## Record set
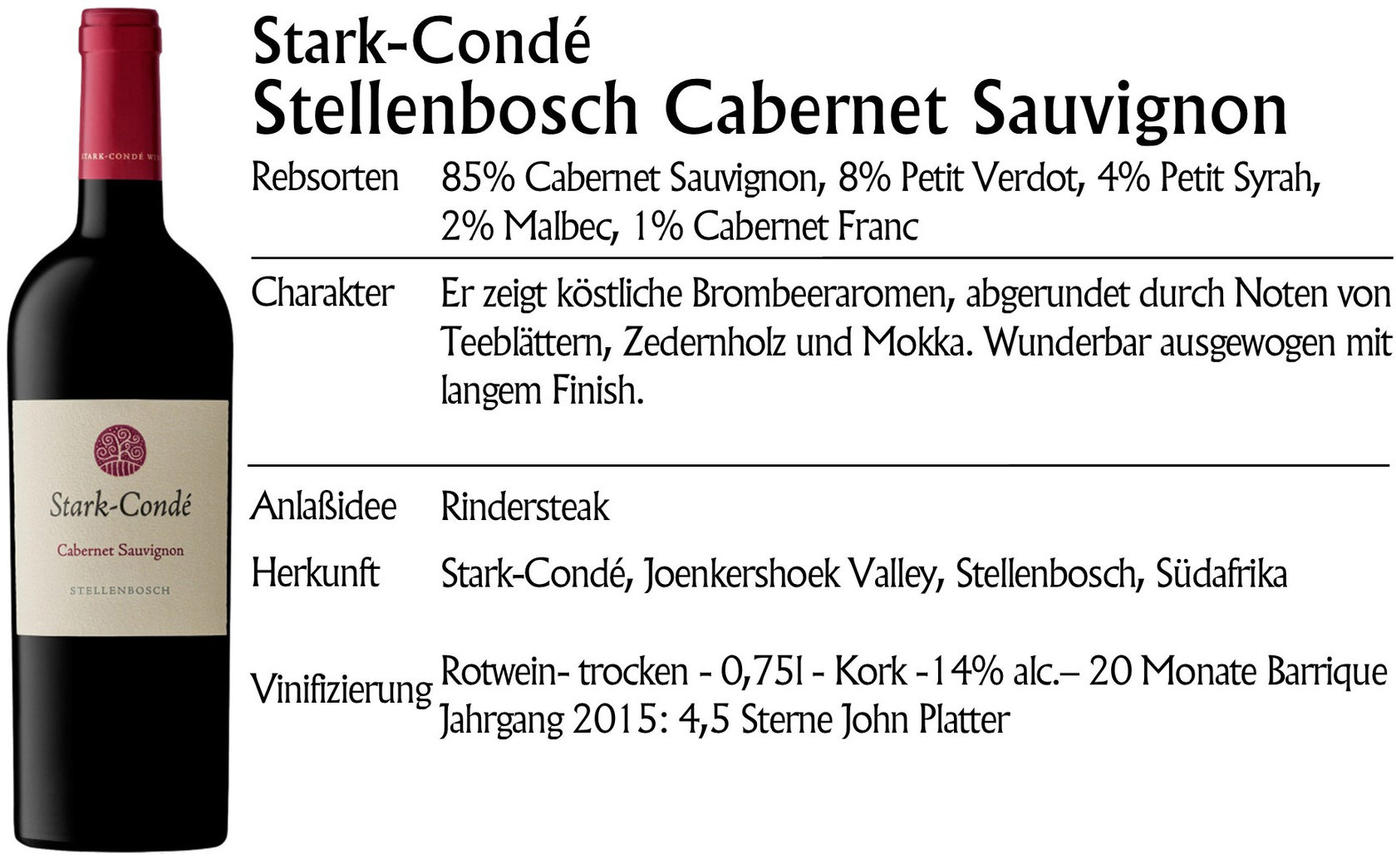 Stark-Condé Stellenbosch Cabernet Sauvignon 2018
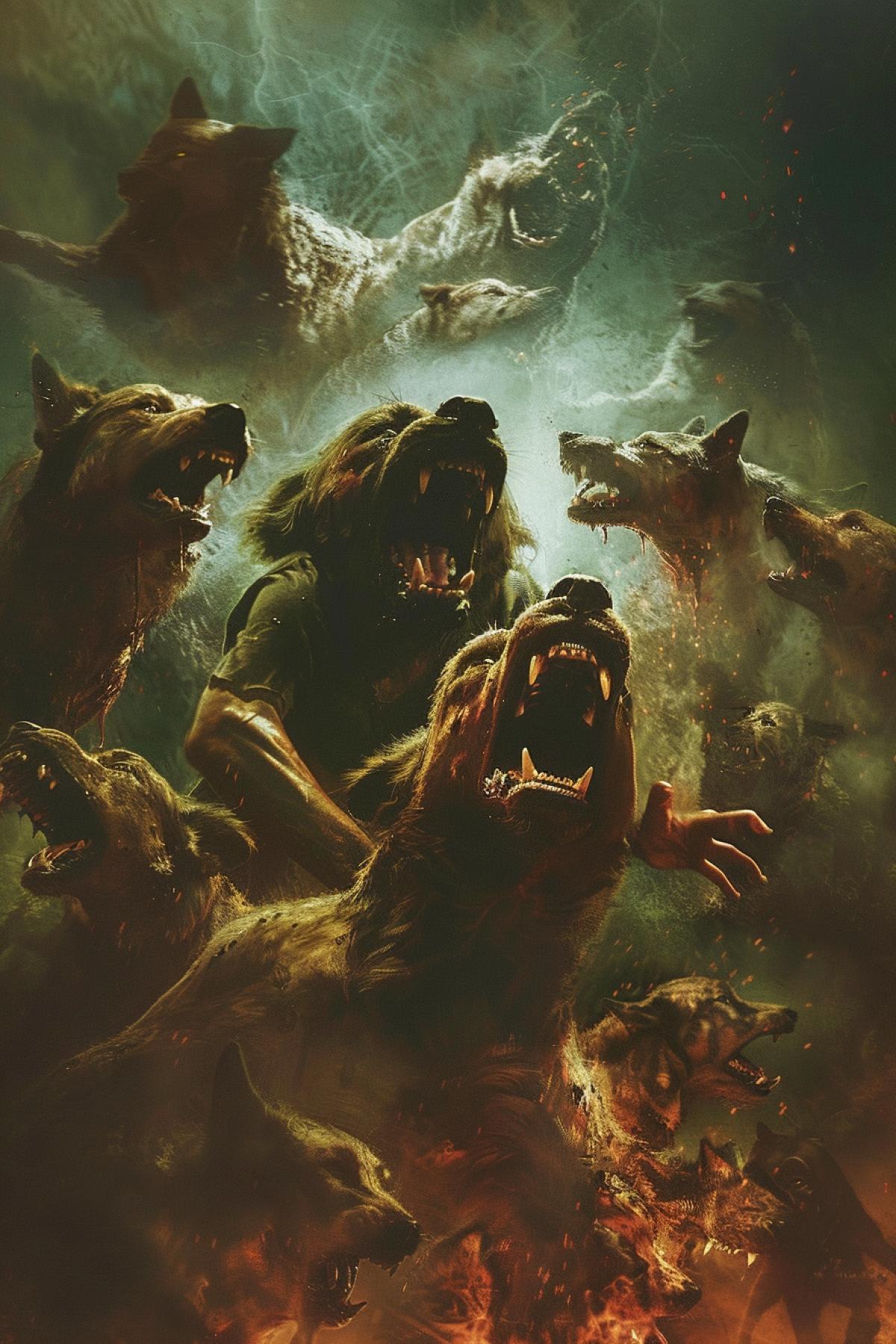 a man goes to hell and is tormented by the dogs Cerberus, in the style of the book of Odyssey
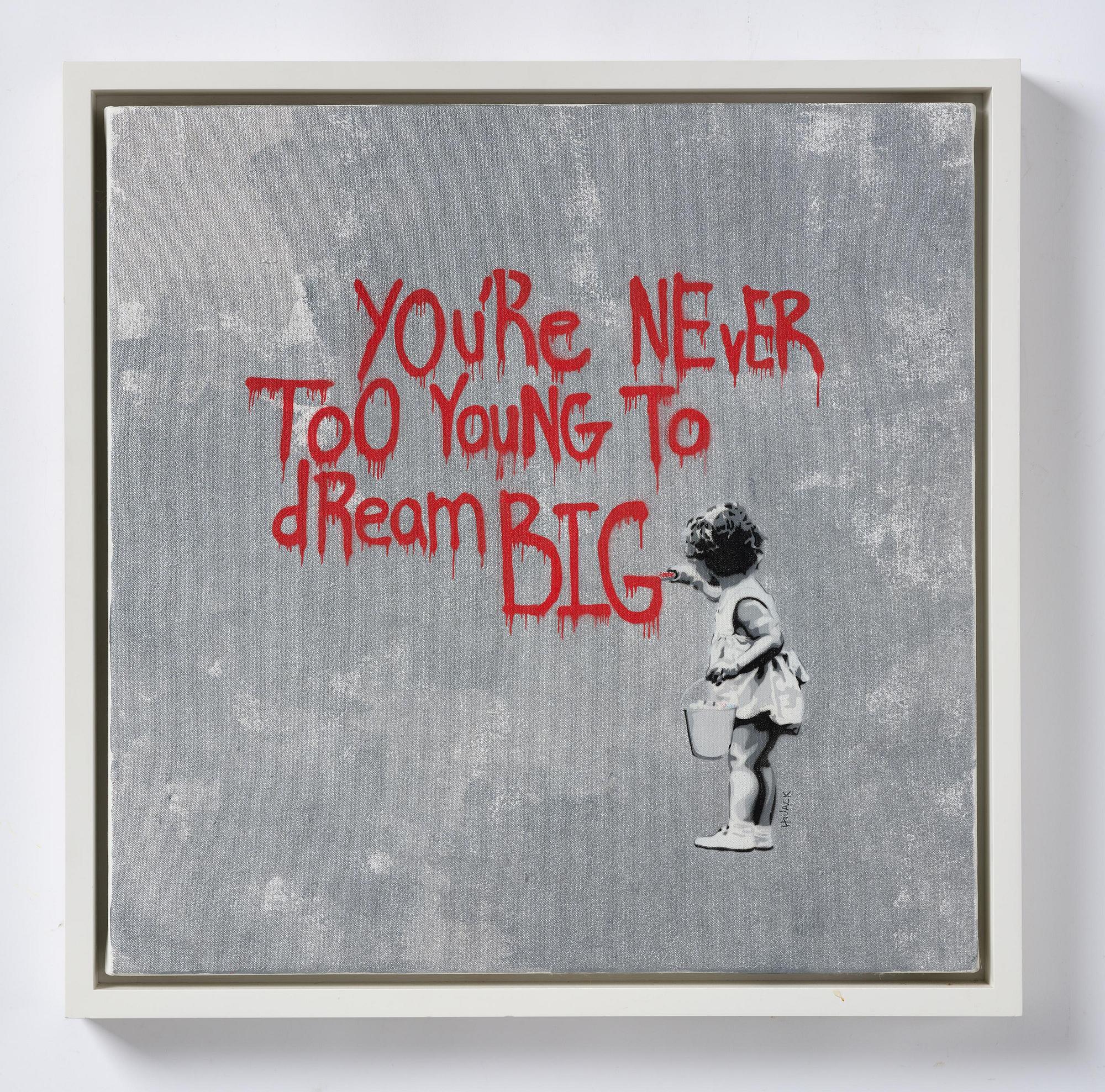 Hijack, "Never Too Young to Dream Big - Red Grey".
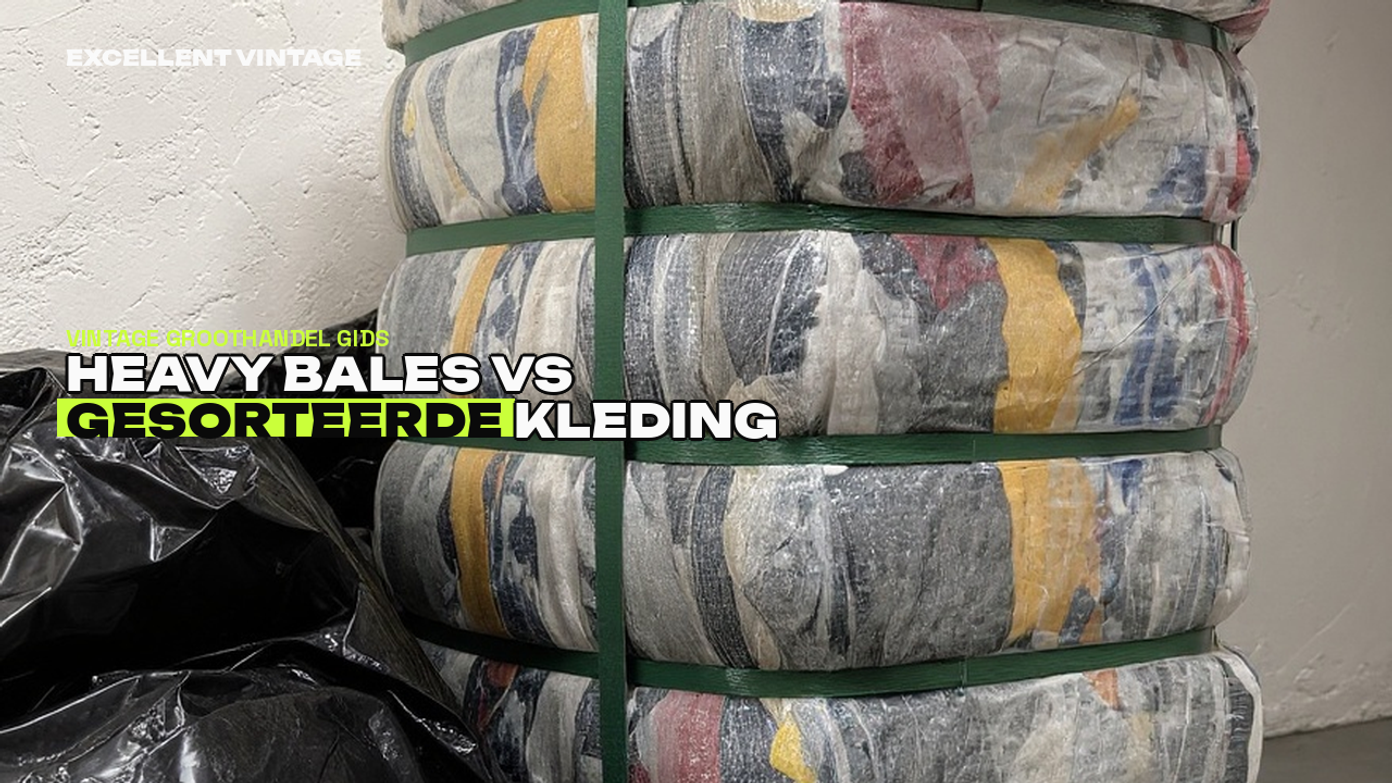 Geperste heavy bale tweedehands kleding bij Excellent Vintage in Bovenkarspel
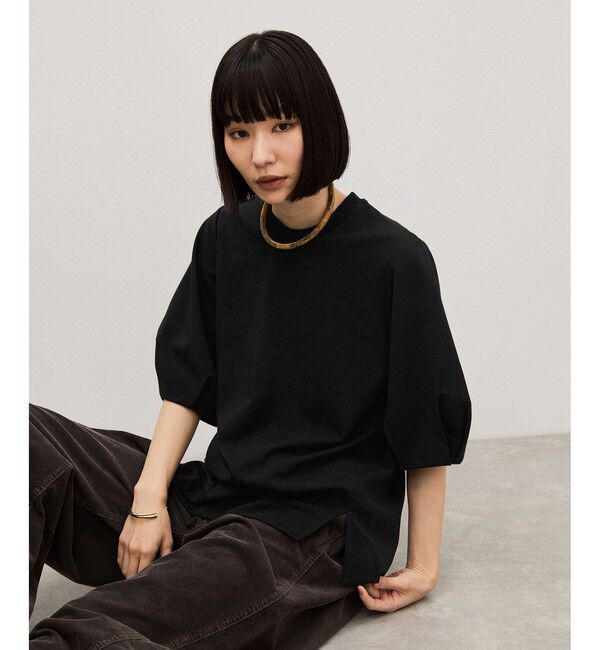 ADAM ET ROPE'「【WEB限定】スリットヘムダンボールプルオーバー」|Tシャツ・カットソー|ブラック(01)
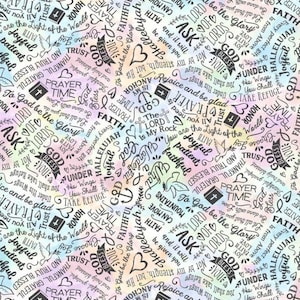 Faith Words Cotton Quilting Fabric - I100 BAUMWOLLE - Inspirations Fabric, Bibelstoff, Gebetsstoff, Religiöser Stoff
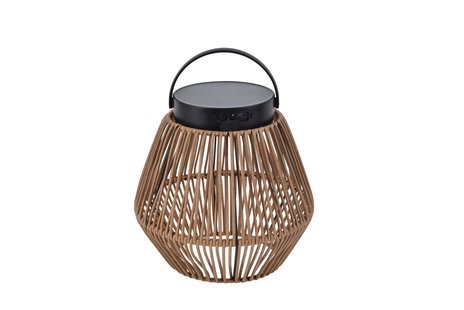 Lutec Coppa - draagbare tafellamp op zonne-energie - Ø 21,5 x 21,6 cm - 2,8W LED incl. - IP44 - zwart en rotan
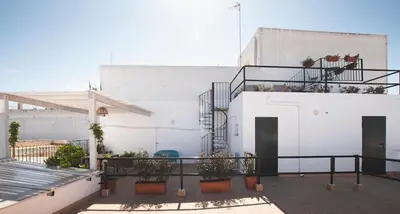 a balcony with potted plants on a white building at Apartamento Las 3 Terrazas in Cádiz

## Exercise brief
Type out all the records verbatim, minus images.

## Your response
 Stark-Condé Stellenbosch Cabernet Sauvignon 2018
 a man goes to hell and is tormented by the dogs Cerberus, in the style of the book of Odyssey
 Hijack, "Never Too Young to Dream Big - Red Grey".
 Geperste heavy bale tweedehands kleding bij Excellent Vintage in Bovenkarspel
 ADAM ET ROPE'「【WEB限定】スリットヘムダンボールプルオーバー」|Tシャツ・カットソー|ブラック(01)
 Faith Words Cotton Quilting Fabric - I100 BAUMWOLLE - Inspirations Fabric, Bibelstoff, Gebetsstoff, Religiöser Stoff
 Lutec Coppa - draagbare tafellamp op zonne-energie - Ø 21,5 x 21,6 cm - 2,8W LED incl. - IP44 - zwart en rotan
 a balcony with potted plants on a white building at Apartamento Las 3 Terrazas in Cádiz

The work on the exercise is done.